= PROBLEM REQUIREMENTS =
Output every record exactly, and nothing more.

= DATA TO PROCESS =
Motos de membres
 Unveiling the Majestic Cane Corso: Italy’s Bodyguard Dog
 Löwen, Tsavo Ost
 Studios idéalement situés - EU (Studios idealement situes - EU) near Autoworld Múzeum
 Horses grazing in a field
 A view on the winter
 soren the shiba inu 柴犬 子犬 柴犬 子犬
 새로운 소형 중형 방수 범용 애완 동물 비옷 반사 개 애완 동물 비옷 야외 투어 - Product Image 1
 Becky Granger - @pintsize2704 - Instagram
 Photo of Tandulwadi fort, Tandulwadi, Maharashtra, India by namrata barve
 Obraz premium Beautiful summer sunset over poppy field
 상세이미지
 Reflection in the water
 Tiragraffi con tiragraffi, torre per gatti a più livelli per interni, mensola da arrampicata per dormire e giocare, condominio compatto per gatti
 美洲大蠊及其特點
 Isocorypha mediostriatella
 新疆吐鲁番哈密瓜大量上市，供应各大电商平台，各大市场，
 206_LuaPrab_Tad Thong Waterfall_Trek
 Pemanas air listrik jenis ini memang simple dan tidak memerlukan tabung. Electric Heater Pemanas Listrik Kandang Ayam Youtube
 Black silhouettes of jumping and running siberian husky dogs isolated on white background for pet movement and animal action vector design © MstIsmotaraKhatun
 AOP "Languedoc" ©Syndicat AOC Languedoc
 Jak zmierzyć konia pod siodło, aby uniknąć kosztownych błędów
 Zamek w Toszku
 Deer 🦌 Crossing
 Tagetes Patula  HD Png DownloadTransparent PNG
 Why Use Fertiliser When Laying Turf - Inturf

= ANSWER SPACE =
Motos de membres
 Unveiling the Majestic Cane Corso: Italy’s Bodyguard Dog
 Löwen, Tsavo Ost
 Studios idéalement situés - EU (Studios idealement situes - EU) near Autoworld Múzeum
 Horses grazing in a field
 A view on the winter
 soren the shiba inu 柴犬 子犬 柴犬 子犬
 새로운 소형 중형 방수 범용 애완 동물 비옷 반사 개 애완 동물 비옷 야외 투어 - Product Image 1
 Becky Granger - @pintsize2704 - Instagram
 Photo of Tandulwadi fort, Tandulwadi, Maharashtra, India by namrata barve
 Obraz premium Beautiful summer sunset over poppy field
 상세이미지
 Reflection in the water
 Tiragraffi con tiragraffi, torre per gatti a più livelli per interni, mensola da arrampicata per dormire e giocare, condominio compatto per gatti
 美洲大蠊及其特點
 Isocorypha mediostriatella
 新疆吐鲁番哈密瓜大量上市，供应各大电商平台，各大市场，
 206_LuaPrab_Tad Thong Waterfall_Trek
 Pemanas air listrik jenis ini memang simple dan tidak memerlukan tabung. Electric Heater Pemanas Listrik Kandang Ayam Youtube
 Black silhouettes of jumping and running siberian husky dogs isolated on white background for pet movement and animal action vector design © MstIsmotaraKhatun
 AOP "Languedoc" ©Syndicat AOC Languedoc
 Jak zmierzyć konia pod siodło, aby uniknąć kosztownych błędów
 Zamek w Toszku
 Deer 🦌 Crossing
 Tagetes Patula  HD Png DownloadTransparent PNG
 Why Use Fertiliser When Laying Turf - Inturf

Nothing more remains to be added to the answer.